Again we studied the masters. We absorbed selected passages by Marx, Lenin, and Mao on the dynamics and political utility of terrorism. Middle Eastern terrorist organizations were investigated, including Black September and the Palestinian Liberation Organization in all its aliases and guises. We examined several European terrorist organizations, all of them then thriving: Bader Meinhof, the Red Army Faction, the Basque ETA, and the Italian Red Brigades. Each, we were told, was either under the operational control of the Soviet KGB or had links for logistical support. Why would the KGB back such nihilistic and obviously criminal gangs? Orthodox Marxism taught that violence was the only legitimate mechanism of political change. And this dictum had permeated the world’s struggles of liberation. In geographical areas of strategic interest, wars of liberation were proxy struggles between East and West, one puppet fighting another, and it was all about power. This was the Great Game. If we understood that, we would understand the process.

Having been made familiar with the causes and types of revolution, we were introduced to the triad of their remedy: tactical action, psychological warfare, and civil affairs. These ongoing and overlapping spheres translated roughly to: kick their asses; convince the world you’re doing wonderful things; and quietly right the political and economic wrongs that sent the guerrillas into the hills in the first place. These processes would later coalesce into a term and methodology called “nation building.”

Our final three weeks were spent in the special warfare operation planning course, a ball-buster of logistics, planning, and paperwork. Almost any operation you could think of had already been conducted, planned, or studied in detail, and we were introduced to the library of naval warfare publications for special operations. The NWPs were cookbooks for a variety of missions we had carried out in our “war” on San Clemente Island: sneaking and peeking, hijacking, kidnapping, bombing, and assassination.

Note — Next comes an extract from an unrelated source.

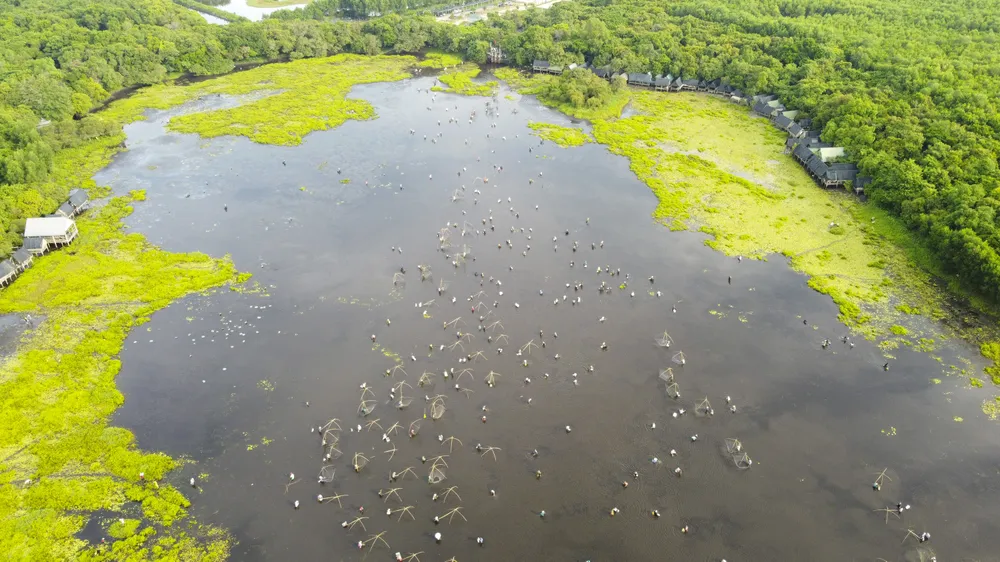Hàng trăm người bì bõm lội bùn bắt cá ngày hội “phá trằm” ảnh 9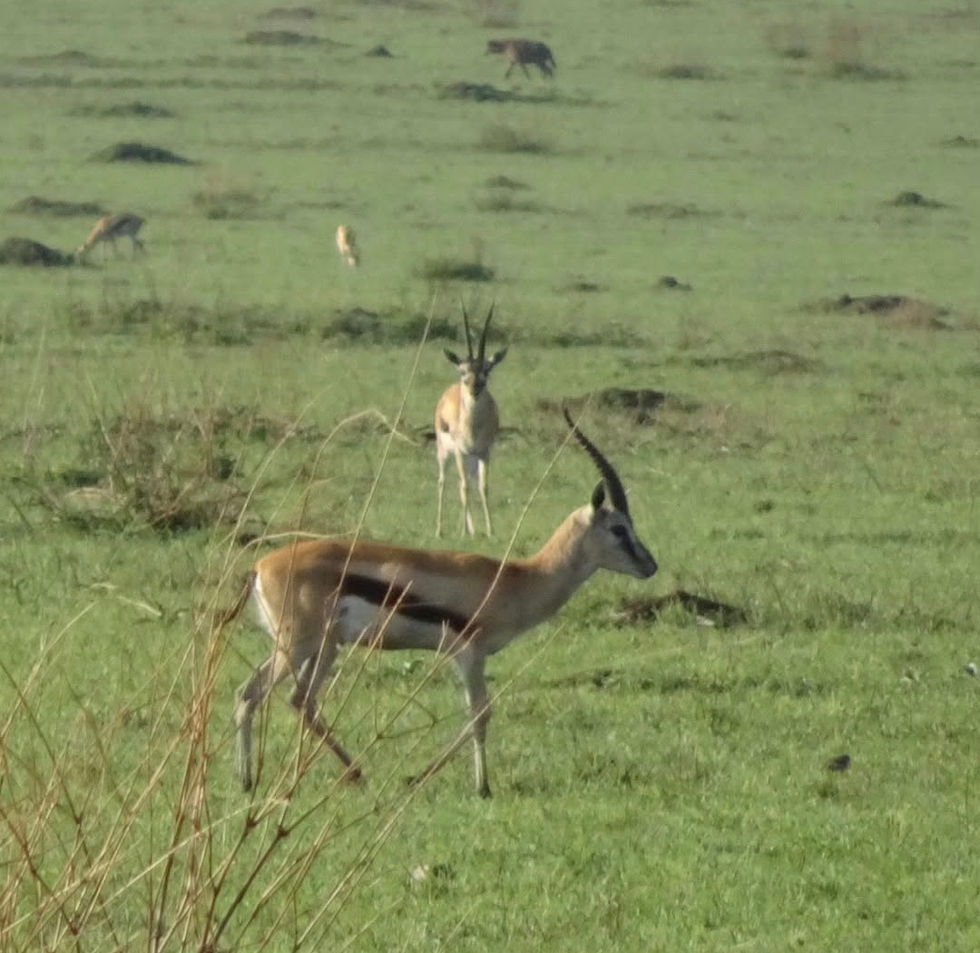 KakaoTalk_20241224_104718691_02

Of course, the military likes to euphemize, and these dirty tricks were individually called such prosaic terms as “reconnaissance and surveillance,” “vessel board,” “seizure and search,” “personnel interdiction,” “actions against command infrastructure,” and “maritime sabotage.” The missions were studied under the rubric “operations other than war.”

We prepared detailed time-action-location studies, called “phase diagrams,” of famous special operations. Chief among these was the Norwegian partisan raid on the Norsk Hydro heavy-water plant at Telemark during World War II. This op, a classic in the annals of unconventional warfare, is arguably the one operation that denied Nazi Germany the atomic bomb. We studied Allied defeats as well as successes, looking at Operation Eiche (Oak), the SS commando raid that liberated Mussolini; and the war history of the Italian 10th Light Flotilla in the Mediterranean—minisub and human-torpedo attacks that sank 86,000 tons of Allied warships and 130,000 tons of merchant shipping. We applied phased diagrams to the present and the past. Our class received a classified debrief on the American special operations debacle at Desert One. Code-named Operation Eagle Claw, the events at Desert One became a synonym for catastrophe. A top-secret attempt by the United States to free fifty-three American hostages held in Tehran, the rescue party was cobbled together from army, air force, and navy units. On the night of April 25, 1980, eight rescuers were killed and four seriously injured in a fiery collision at a desert refueling position. The wreckage of a C-130 and several helicopters were left in the Iranian desert as the operation was aborted and the hostage rescue teams hastily withdrawn. The embassy hostages were to remain in Iranian custody until January 21, 1981. The operation was a political and military disaster of the first order. The lessons of Desert One were these: First, everything that can go wrong will go wrong—plan for mistakes; second, it is not sufficient that the men survive the plan—the plan must also survive the blunders of men.